» WORK INSTRUCTIONS: There are pictures in the records below; leave them out and set down exactly the lines from the one holding "Avin A350 de" through the one holding "16Pcs Furniture Pads".

(WORKING DATA)

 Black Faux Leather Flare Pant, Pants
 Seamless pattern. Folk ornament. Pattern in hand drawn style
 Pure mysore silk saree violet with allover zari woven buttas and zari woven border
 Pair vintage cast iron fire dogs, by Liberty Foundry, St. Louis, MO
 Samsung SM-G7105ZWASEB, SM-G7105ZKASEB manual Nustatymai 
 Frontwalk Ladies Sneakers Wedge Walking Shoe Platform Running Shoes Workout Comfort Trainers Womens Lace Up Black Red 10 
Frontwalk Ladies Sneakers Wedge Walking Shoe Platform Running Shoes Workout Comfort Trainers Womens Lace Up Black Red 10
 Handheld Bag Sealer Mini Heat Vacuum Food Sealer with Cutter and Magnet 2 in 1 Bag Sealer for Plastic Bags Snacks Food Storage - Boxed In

(End WORKING DATA)
(WORKING DATA)

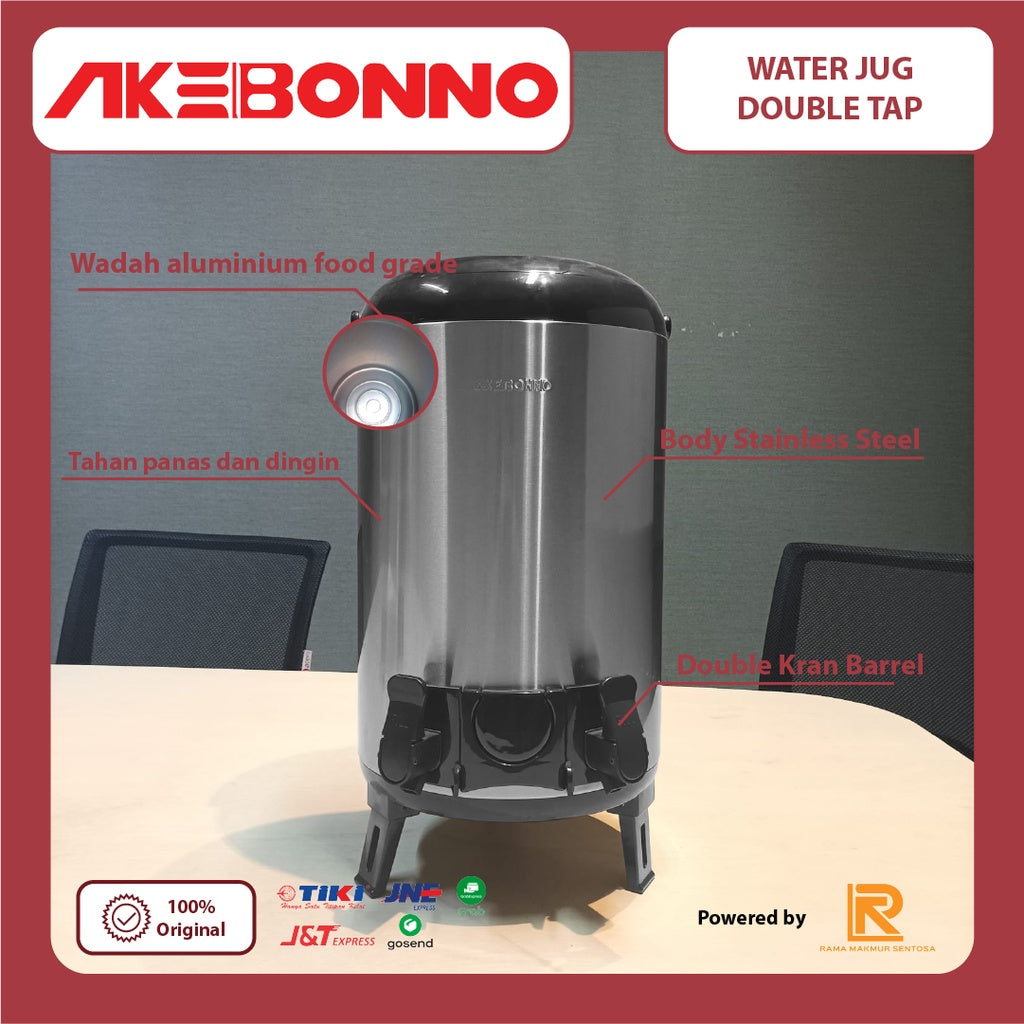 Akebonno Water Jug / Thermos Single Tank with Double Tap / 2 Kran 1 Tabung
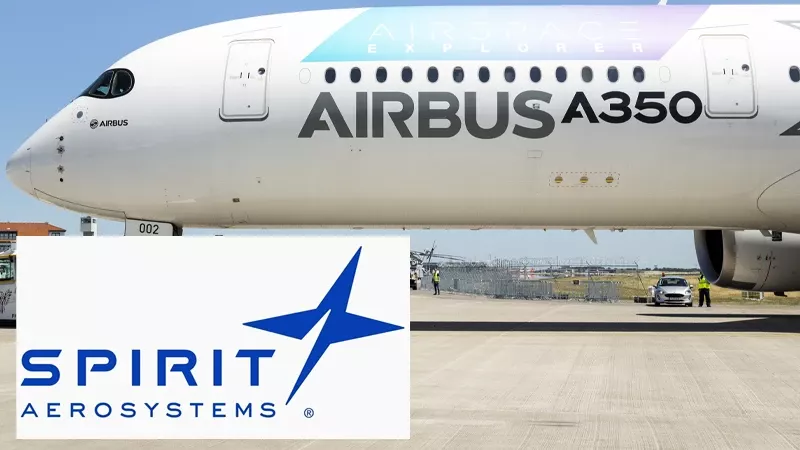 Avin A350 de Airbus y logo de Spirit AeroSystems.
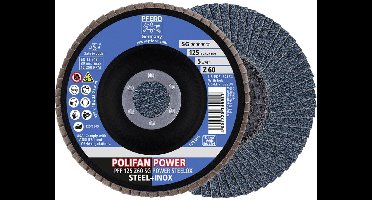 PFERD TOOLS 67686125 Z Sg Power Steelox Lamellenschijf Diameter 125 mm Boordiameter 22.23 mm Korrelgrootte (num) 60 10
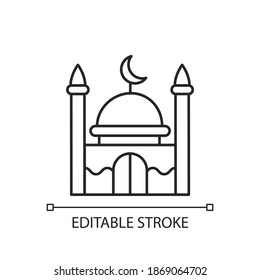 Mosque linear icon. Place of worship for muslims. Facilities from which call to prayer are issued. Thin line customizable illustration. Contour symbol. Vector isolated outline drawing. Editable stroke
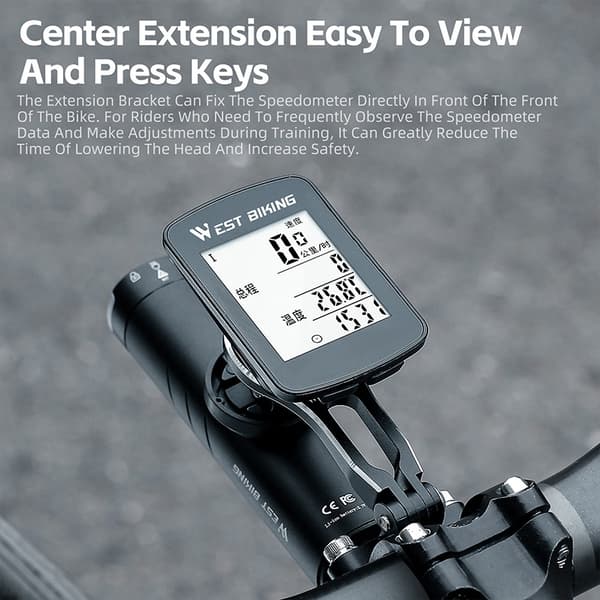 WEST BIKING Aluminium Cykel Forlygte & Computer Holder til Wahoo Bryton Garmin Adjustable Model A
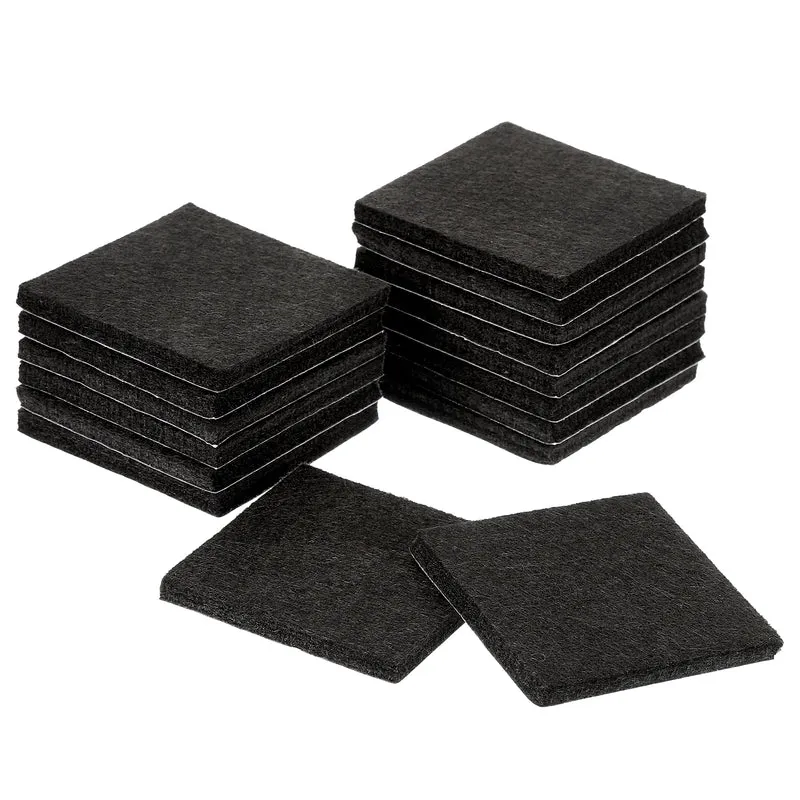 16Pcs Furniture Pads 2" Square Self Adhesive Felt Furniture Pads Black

(End WORKING DATA)

» RESULT FOR THIS EXERCISE:
 Avin A350 de Airbus y logo de Spirit AeroSystems.
 PFERD TOOLS 67686125 Z Sg Power Steelox Lamellenschijf Diameter 125 mm Boordiameter 22.23 mm Korrelgrootte (num) 60 10
 Mosque linear icon. Place of worship for muslims. Facilities from which call to prayer are issued. Thin line customizable illustration. Contour symbol. Vector isolated outline drawing. Editable stroke
 WEST BIKING Aluminium Cykel Forlygte & Computer Holder til Wahoo Bryton Garmin Adjustable Model A
 16Pcs Furniture Pads 2" Square Self Adhesive Felt Furniture Pads Black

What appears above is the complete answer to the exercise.